(Required action) When writing out the entries below, keep only the lines from the line with "LEGO Mini Tractor 8281 Instructions" to the line with "110 см ss_66990", both included, exactly as they are, and leave the pictures aside.

==============================

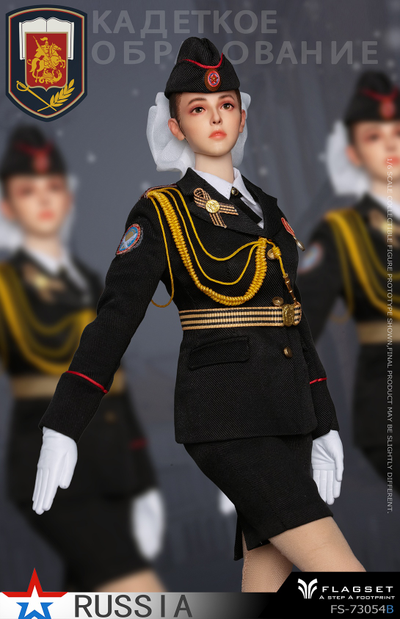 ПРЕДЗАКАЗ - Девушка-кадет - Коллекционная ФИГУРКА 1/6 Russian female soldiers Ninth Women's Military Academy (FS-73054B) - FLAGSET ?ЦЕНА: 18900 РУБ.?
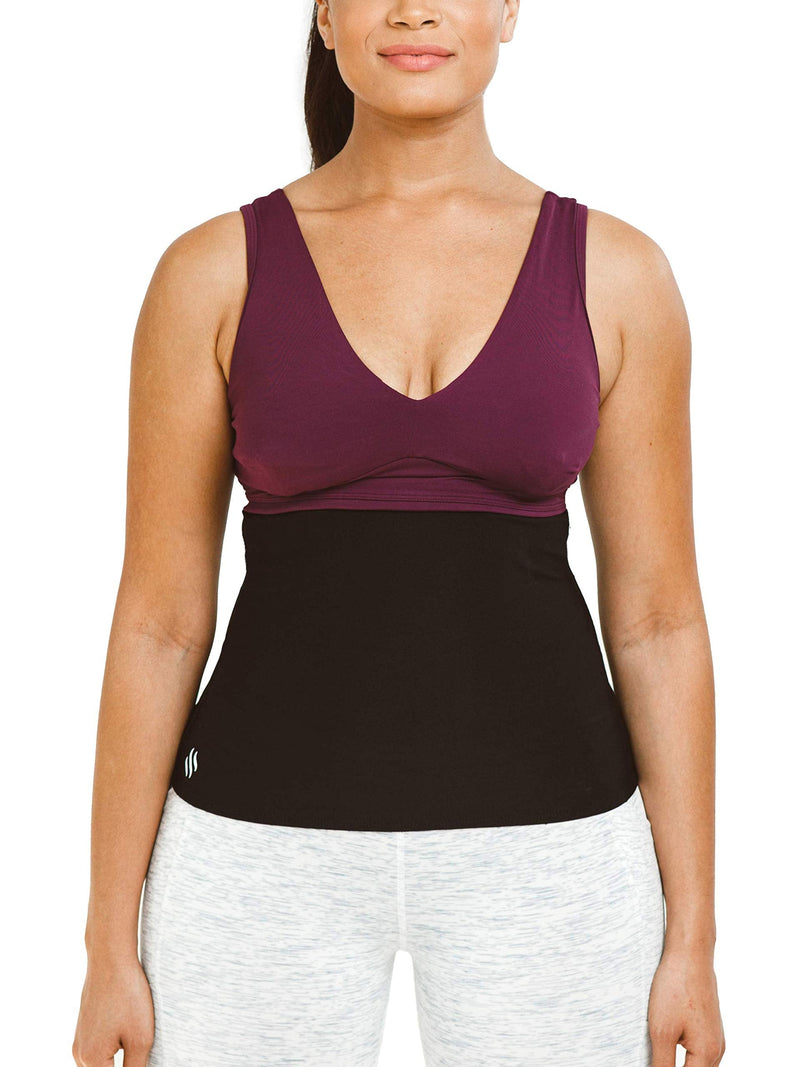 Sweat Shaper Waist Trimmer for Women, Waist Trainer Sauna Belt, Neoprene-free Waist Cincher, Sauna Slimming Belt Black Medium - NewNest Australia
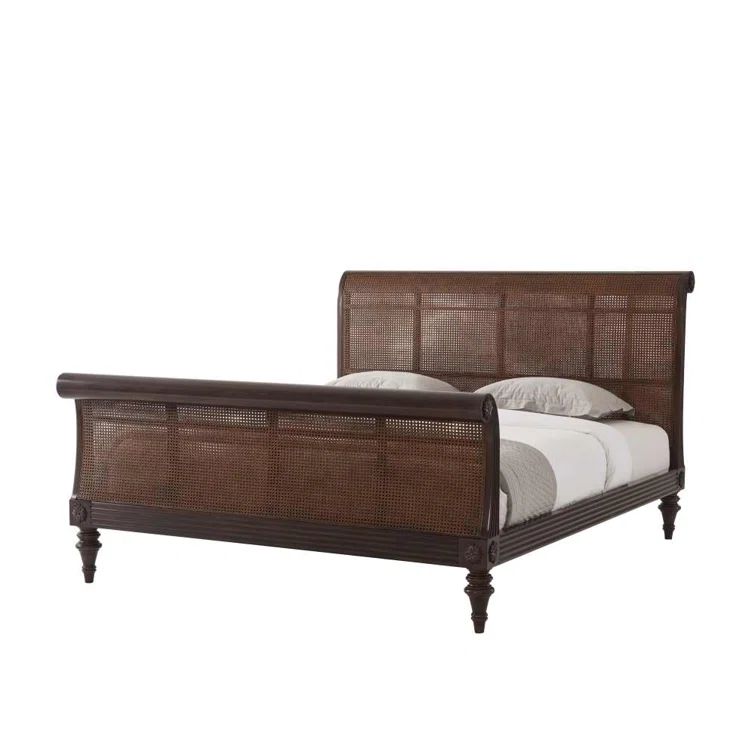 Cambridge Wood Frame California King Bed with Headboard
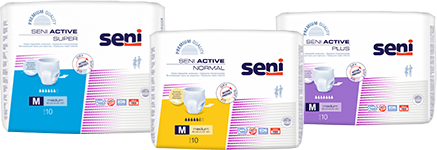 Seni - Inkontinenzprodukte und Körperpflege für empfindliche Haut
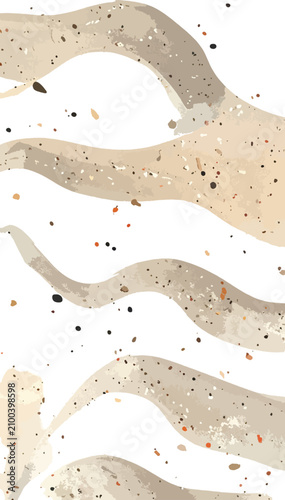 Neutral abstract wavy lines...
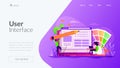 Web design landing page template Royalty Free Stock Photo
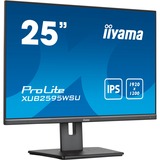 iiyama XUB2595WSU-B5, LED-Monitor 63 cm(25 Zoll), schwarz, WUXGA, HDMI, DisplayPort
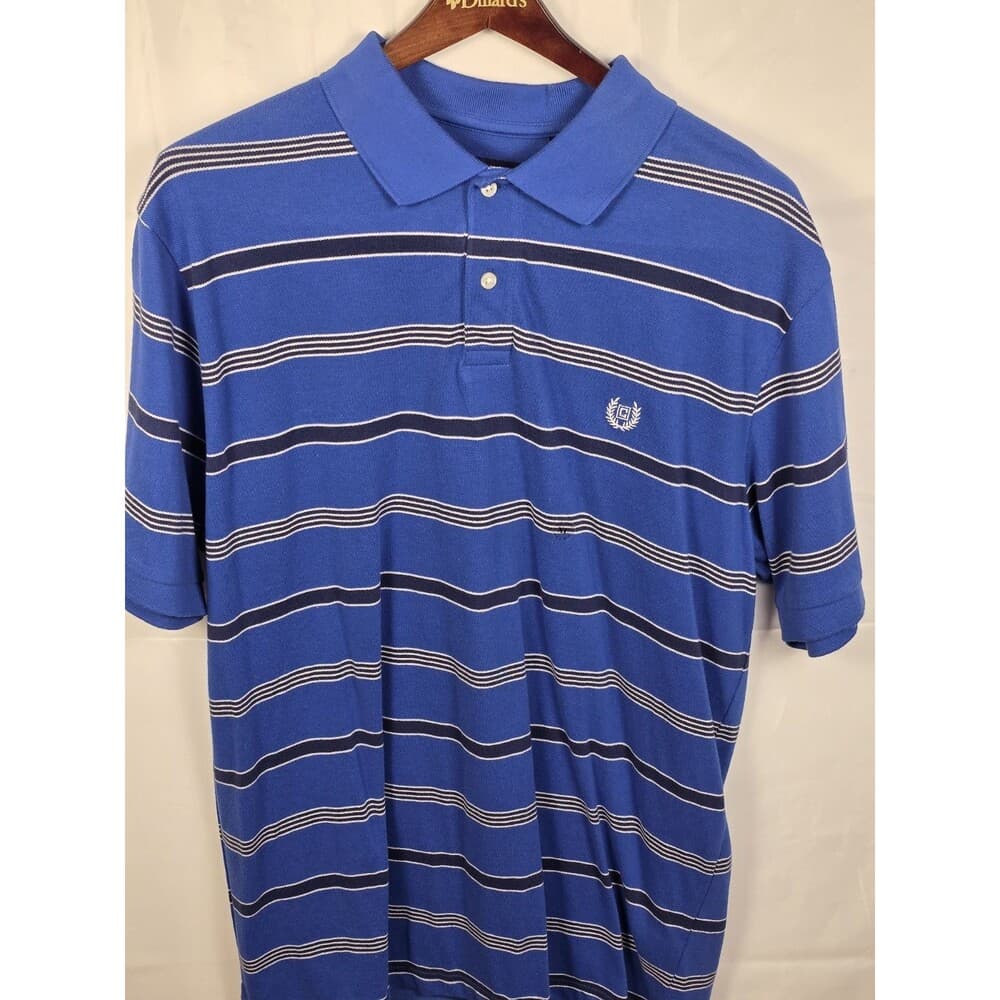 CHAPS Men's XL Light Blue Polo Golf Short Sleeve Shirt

==============================

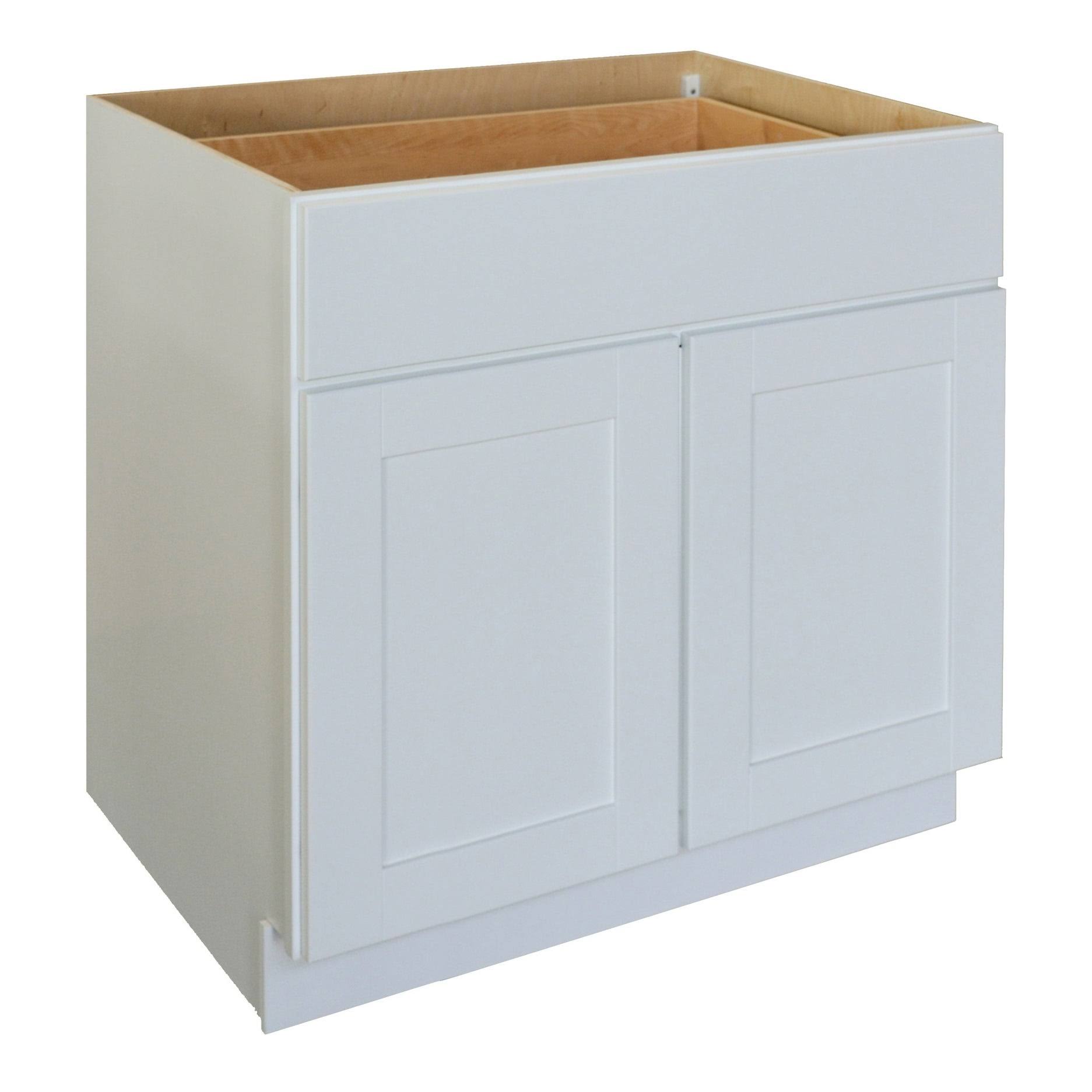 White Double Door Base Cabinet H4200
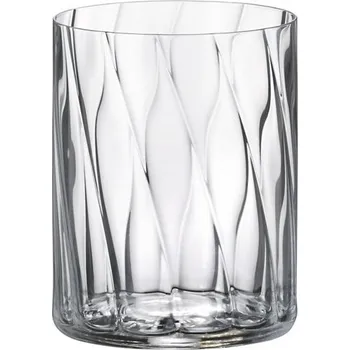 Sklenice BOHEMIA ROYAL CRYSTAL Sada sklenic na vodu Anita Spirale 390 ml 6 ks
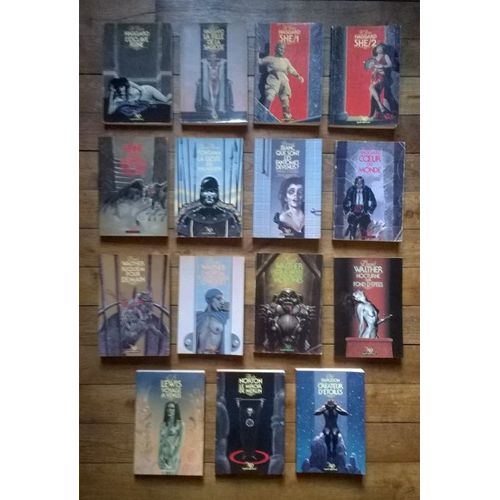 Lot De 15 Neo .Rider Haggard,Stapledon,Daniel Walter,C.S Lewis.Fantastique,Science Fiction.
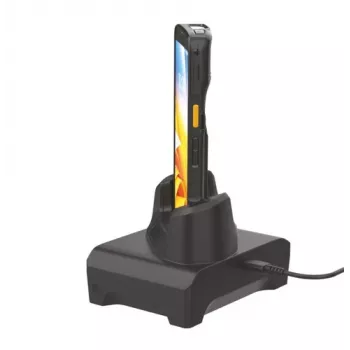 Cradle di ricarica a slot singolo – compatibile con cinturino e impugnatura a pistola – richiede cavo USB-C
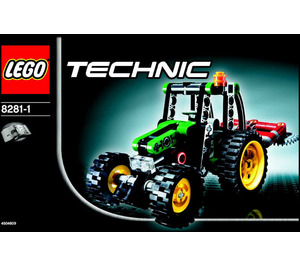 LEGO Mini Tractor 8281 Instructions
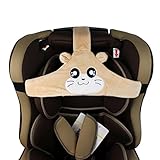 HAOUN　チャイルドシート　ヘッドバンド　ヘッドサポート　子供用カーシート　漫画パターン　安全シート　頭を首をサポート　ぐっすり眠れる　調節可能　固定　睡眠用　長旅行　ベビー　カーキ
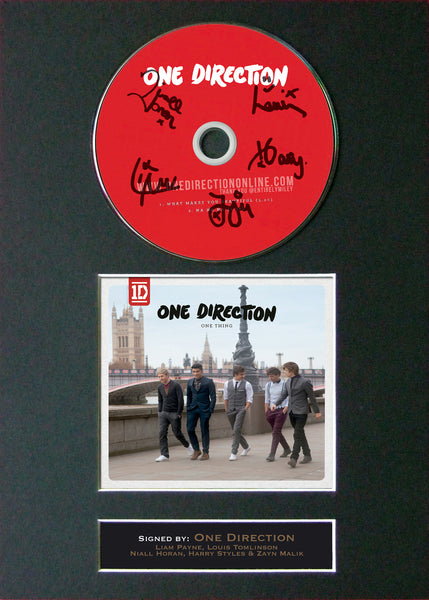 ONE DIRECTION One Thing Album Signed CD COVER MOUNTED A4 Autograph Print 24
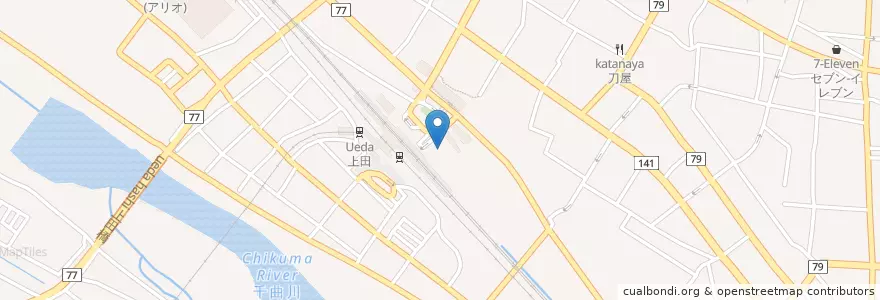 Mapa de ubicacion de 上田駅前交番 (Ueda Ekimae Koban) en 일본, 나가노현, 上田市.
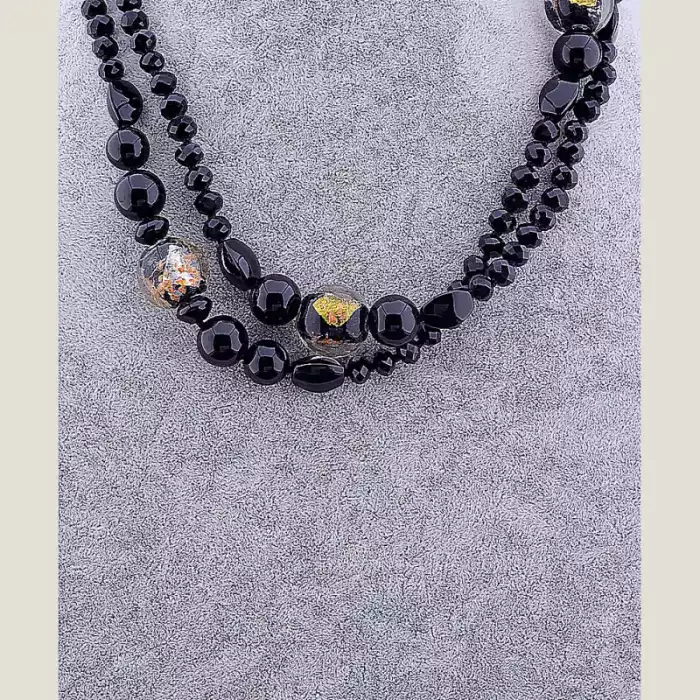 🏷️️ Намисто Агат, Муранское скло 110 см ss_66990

==============================

(Output)
 LEGO Mini Tractor 8281 Instructions
 HAOUN　チャイルドシート　ヘッドバンド　ヘッドサポート　子供用カーシート　漫画パターン　安全シート　頭を首をサポート　ぐっすり眠れる　調節可能　固定　睡眠用　長旅行　ベビー　カーキ
 ONE DIRECTION One Thing Album Signed CD COVER MOUNTED A4 Autograph Print 24
 Mapa de ubicacion de 上田駅前交番 (Ueda Ekimae Koban) en 일본, 나가노현, 上田市.
 🏷️️ Намисто Агат, Муранское скло 110 см ss_66990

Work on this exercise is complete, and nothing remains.